Non dobbiamo avere il dente avvelenato, però, cerchiamo di guardare al lato positivo delle cose. Se “Capitan Tsubasa” mantenesse quei personaggi caramellosi ma non le idiozie scientifiche ed i dialoghi scheletrici, come sarebbe? Ve lo dico io: una noia mortale, soprattutto per chi (come me) non sopporta il calcio. Meglio invece goderci quello che abbiamo, ossia un'opera semplice con cui si può passare un ottimo quarto d'ora divertendosi.

Il tratto di Yoichi Takahashi è semplicissimo, molto anni '80. Le proporzioni sono un po' sballate – ma che razza di muscoli hanno quei ragazzini? - i retini non danno sfumature ma soltanto il senso della corsa, i personaggi hanno capigliature impossibili ed hanno fisionomie molto simili, infatti si rischia di confondere qualcuno. Però è uno stile personale e fa il suo effetto, legandosi alla storia e rendendola facile da leggere. Insomma, riassume in sé le caratteristiche dell'opera...

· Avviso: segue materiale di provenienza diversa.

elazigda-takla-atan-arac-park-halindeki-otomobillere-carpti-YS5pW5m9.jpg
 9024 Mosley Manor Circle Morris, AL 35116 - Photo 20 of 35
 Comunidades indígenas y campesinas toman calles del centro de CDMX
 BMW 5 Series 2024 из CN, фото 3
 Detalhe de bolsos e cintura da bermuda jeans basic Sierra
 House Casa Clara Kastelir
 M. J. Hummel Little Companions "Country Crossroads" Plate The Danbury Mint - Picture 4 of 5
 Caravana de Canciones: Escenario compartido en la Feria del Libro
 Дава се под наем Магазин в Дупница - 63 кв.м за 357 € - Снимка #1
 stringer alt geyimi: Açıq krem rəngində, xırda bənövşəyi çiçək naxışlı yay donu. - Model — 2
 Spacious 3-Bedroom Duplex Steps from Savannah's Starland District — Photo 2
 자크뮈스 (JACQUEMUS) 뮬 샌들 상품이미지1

...E' per oggi è tutto, cari amici. Arrivederci alla prossima puntata, con “Il tempio degli Otaku”!








1 commento:

  1. Io non ho letto il manga però ho visto numerosissime volte il cartone. A volte diventava un pò noioso per via dei tanti incidenti ed il campo sembrava interminabile. Però rimane uno dei miei cartoni preferiti. Come personaggio mi piacevano Tom e Mark.